The proportionality factor A between CLTE and specific heat capacity was calculated for various materials using the derivative of the Lennard-Jones potential equation and the experimental data. These results were obtained for the first time and validated by measurements of CLTE and the specific heat capacity of commercially pure SS 316L. A three-way interaction regression model, which considered parameters of laser treatment, provided a comparison between proportionality factor A calculated by two methods. The mean deviation between these results was equal to 7.6%.

According to the numerical model, the relative thermal expansion $\epsilon$_T, [μm/m] of the DED-fabricated SS 316L ($\epsilon$_T$\cong$3913 μm/mm at 220 $℃$) was close to the results predicted for SLM. It also matched the dilatometer experimental results of SLM-fabricated SS 316L. A decrease in hatch spacing was considered a reliable method of changing the CLTE of Cu-Fe parts fabricated by additive manufacturing methods.
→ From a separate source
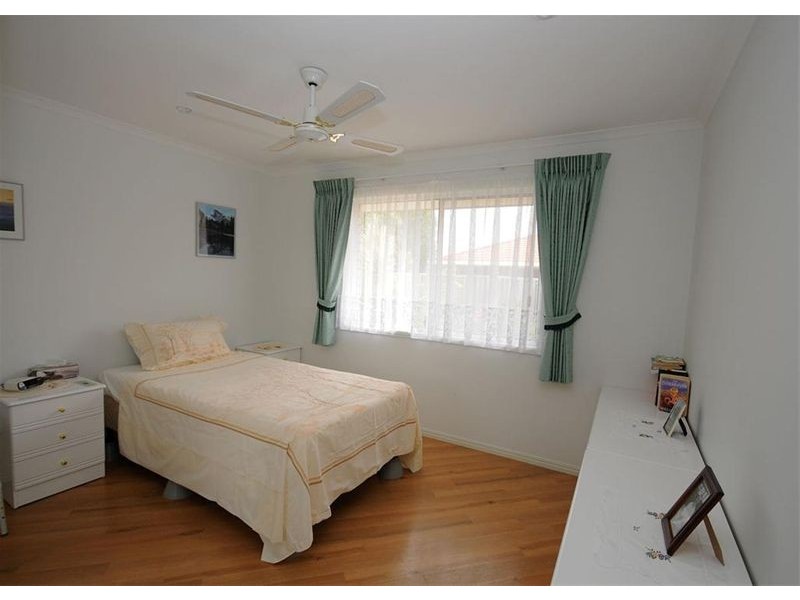 26 Jonwest Close, Torquay QLD 4655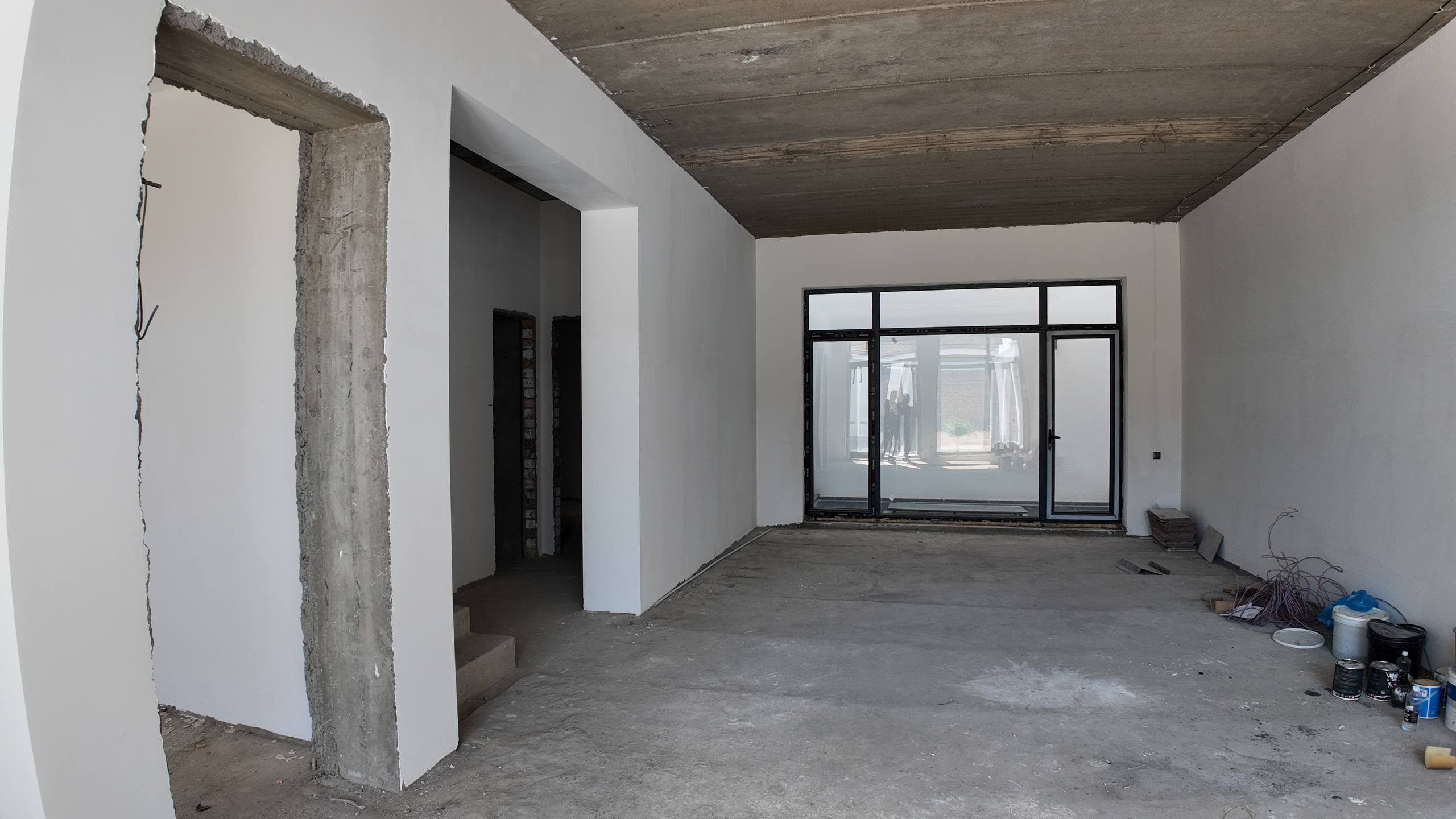 Продажа коттеджа в Ташкенте, 540 м² — Ташкент, фотография 8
The findings of the conducted research can be applied to the DED of Cu-Fe system homogeneous alloys and FGMs (especially based on UNS C61800 and SS 316L), which can be used in the NPP, STP, aerospace, and electronic components industries. The future direction of the study includes:

• The analysis of the specific heat capacity of the Cu-Fe materials in a wider temperature range (up to ~900 °C);
• The study of the phase transitions of the Cu-Fe-Cr system in the low-temperature area;
• The fabrication and the tests of the real functionally graded parts using the results of the conducted experiments.